** Assignment **
Your task is to print all of the data below exactly, with no pictures included.

** Information provided **
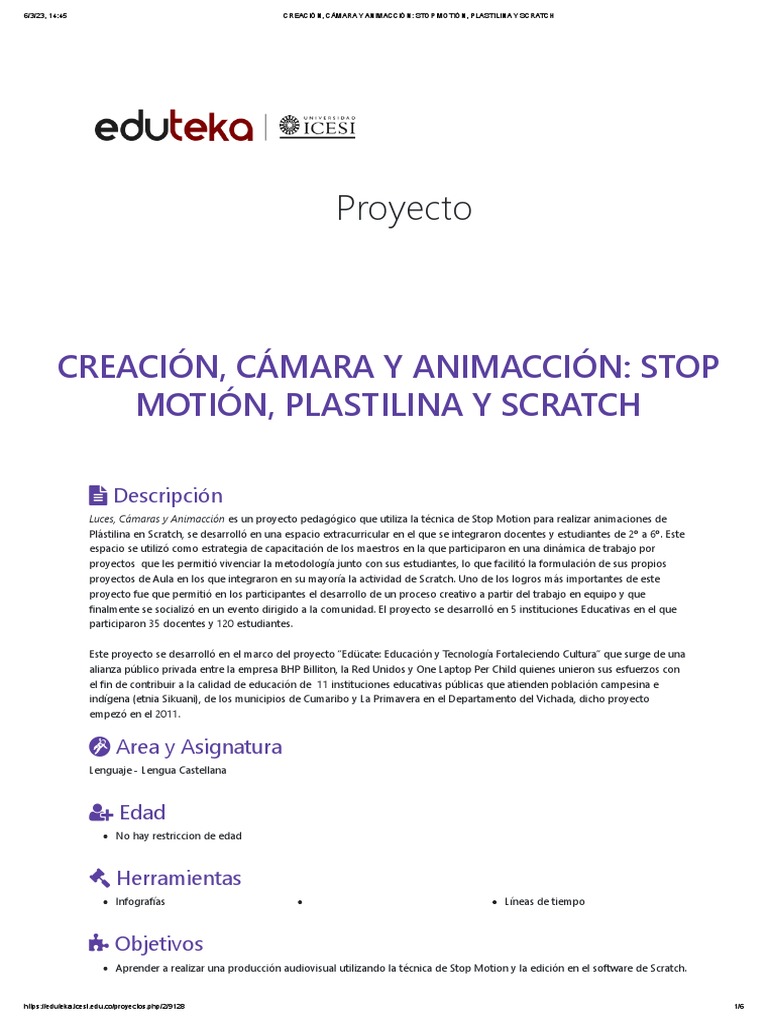 Animación Stop Motion con Plastilina | PDF | Animación | Scratch ...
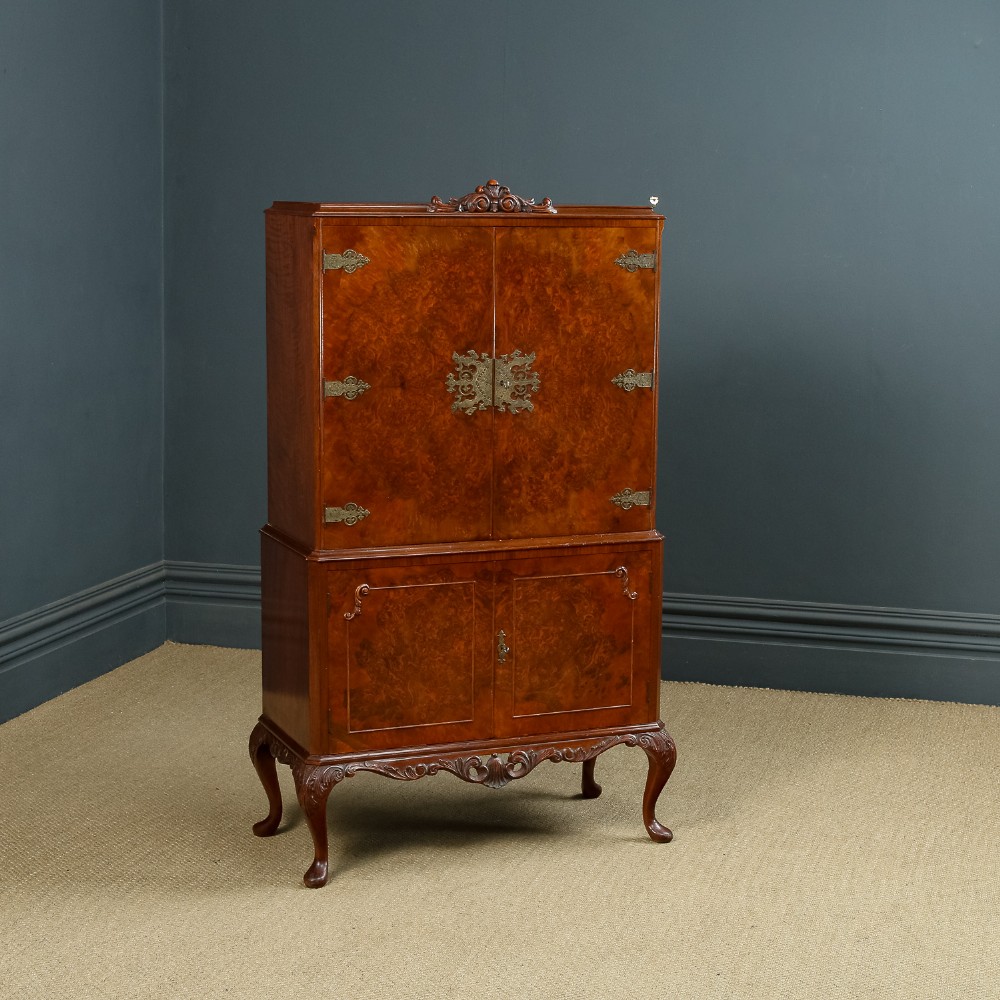 English Queen Anne Style Burr Walnut & Mirrored Glass Drinks Cabinet Cocktail Bar (Circa 1930)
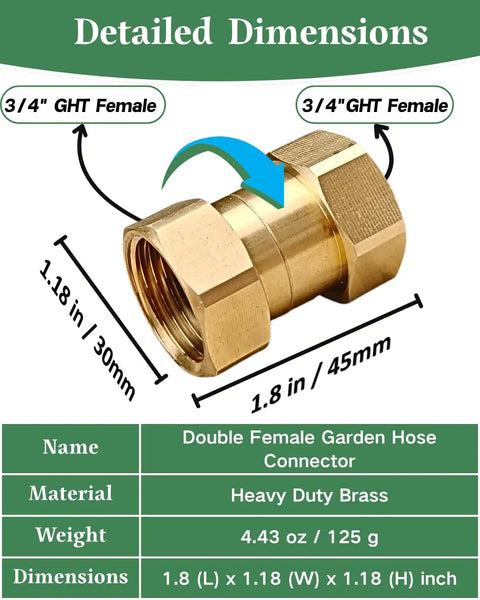 Heavy Duty Brass Garden Hose Female To Female Adapter For Leak Proof Connections, Double Female Three Quarter GHT Connector For Sprinklers, Irrigation, RV And Pool Use, Fits Most Hoses With Precision Threads, 3/4 GHT female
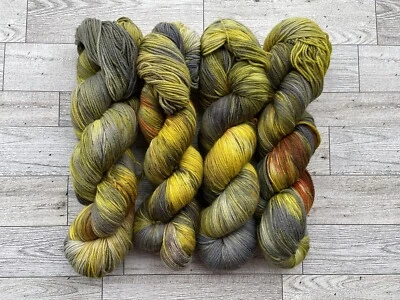 Yarn Hand Dyed 4 Lot Wool Blend Sock Fingering Weight Variegated Yellow Grey - Image 1 of 4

** Exercise solution **
 Animación Stop Motion con Plastilina | PDF | Animación | Scratch ...
 English Queen Anne Style Burr Walnut & Mirrored Glass Drinks Cabinet Cocktail Bar (Circa 1930)
 Heavy Duty Brass Garden Hose Female To Female Adapter For Leak Proof Connections, Double Female Three Quarter GHT Connector For Sprinklers, Irrigation, RV And Pool Use, Fits Most Hoses With Precision Threads, 3/4 GHT female
 Yarn Hand Dyed 4 Lot Wool Blend Sock Fingering Weight Variegated Yellow Grey - Image 1 of 4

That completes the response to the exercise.